Aucun sujet n’est considéré intouchable par son esprit mordant. Il défend la raison du plus faible, déboulonne les préjugés, pourfend les abus de pouvoirs et dénonce l’intolérance. L’humour, c’est sa fronde, son cri du cœur, et le miroir qu’il nous tend, comme une main, pour nous sortir de cette zone de confort et d’indifférence qui devient une prison où l’on s’enferme par ignorance ou par peur. Ses mots tissent le fil qui nous lie dans notre humanité. Il sait nous émouvoir et nous faire réfléchir, nous faire rire et nous faire grandir en nous révélant à nous-mêmes.
Comme dans ses monologues où cohabitent un personnage d’une naïveté désarmante et un épais colérique qui lui permettent de dire le contraire de ce qu'il veut prouver, Yvon Deschamps est polarisé. Il masque son angoisse par des éclats de rire et glisse dans ses chansons les choses qu’il ne peut exprimer par la dérision. On sent bien que notre « vénéré bourreau » déborde de tendresse et c’est pour cela que son œuvre nous atteint et reste d’une grande pertinence.

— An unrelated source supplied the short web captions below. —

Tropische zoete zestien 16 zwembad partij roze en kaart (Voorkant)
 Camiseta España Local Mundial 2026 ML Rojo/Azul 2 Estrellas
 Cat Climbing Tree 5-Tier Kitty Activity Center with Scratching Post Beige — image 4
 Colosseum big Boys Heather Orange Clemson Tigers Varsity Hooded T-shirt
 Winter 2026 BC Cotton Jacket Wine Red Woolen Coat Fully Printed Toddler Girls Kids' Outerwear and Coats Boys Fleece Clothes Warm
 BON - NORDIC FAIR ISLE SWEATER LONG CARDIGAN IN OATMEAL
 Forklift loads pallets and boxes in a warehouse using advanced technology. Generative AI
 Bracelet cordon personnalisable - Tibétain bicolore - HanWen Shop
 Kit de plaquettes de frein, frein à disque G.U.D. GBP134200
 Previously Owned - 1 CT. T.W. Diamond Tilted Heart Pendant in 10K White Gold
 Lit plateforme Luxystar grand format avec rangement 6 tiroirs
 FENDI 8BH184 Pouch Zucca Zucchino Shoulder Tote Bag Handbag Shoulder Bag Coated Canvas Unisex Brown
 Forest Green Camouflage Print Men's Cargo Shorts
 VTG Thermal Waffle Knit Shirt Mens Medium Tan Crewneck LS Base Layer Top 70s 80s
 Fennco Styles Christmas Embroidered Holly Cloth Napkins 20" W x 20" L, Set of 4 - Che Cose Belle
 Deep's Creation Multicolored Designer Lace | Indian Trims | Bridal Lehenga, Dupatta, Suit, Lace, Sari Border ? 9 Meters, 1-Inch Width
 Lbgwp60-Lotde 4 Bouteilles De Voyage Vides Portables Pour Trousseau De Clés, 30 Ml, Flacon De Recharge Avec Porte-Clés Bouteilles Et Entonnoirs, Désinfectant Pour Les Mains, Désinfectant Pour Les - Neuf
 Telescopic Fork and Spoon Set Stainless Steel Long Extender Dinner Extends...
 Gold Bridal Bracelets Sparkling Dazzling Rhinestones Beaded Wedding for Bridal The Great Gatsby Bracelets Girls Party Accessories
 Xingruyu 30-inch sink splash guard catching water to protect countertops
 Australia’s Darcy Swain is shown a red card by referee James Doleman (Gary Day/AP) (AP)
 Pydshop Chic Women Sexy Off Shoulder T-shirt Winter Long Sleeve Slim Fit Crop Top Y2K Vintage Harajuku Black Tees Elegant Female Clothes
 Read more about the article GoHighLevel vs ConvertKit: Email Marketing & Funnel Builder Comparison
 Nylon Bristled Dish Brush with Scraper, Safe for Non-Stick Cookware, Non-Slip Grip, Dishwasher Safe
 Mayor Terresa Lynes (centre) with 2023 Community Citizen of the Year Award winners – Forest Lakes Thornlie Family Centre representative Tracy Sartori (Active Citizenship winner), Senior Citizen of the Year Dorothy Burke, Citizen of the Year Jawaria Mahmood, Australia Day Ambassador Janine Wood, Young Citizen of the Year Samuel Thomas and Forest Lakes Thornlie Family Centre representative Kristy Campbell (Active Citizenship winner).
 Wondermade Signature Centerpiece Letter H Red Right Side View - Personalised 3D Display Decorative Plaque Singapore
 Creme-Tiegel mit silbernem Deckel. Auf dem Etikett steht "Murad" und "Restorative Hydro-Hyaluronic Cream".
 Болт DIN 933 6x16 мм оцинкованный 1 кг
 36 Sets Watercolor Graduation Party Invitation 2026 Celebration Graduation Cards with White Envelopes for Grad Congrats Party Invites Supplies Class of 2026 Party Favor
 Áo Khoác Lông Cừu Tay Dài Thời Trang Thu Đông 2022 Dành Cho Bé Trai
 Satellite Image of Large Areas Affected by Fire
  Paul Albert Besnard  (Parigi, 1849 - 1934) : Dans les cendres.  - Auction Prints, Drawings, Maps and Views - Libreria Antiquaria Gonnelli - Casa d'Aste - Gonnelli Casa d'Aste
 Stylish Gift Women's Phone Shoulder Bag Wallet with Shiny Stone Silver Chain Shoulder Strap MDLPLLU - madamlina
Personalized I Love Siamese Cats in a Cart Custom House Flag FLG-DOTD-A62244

Cher Yvon, connaissant votre ambivalence face à l’argent, vous serez sans doute ravi de savoir que l'Ordre des arts et des lettres du Québec ne s’accompagne d'aucune récompense financière. Mais il représente beaucoup d’amour, alors, je suis tentée de dire… « Aimons-nous ». Je vous invite à me rejoindre pour recevoir ce symbole de notre admiration et de notre reconnaissance qui marque votre entrée dans cette illustre famille de gens de cœur qui nous rendent fiers de notre culture.
Allocution prononcée le 24 octobre 2017 par Marie Côté, présidente du Conseil des arts et des lettres du Québec. Le texte lu fait foi.
Cet article fait partie de l’infolettre À L’OEUVRE du mois de novembre 2017.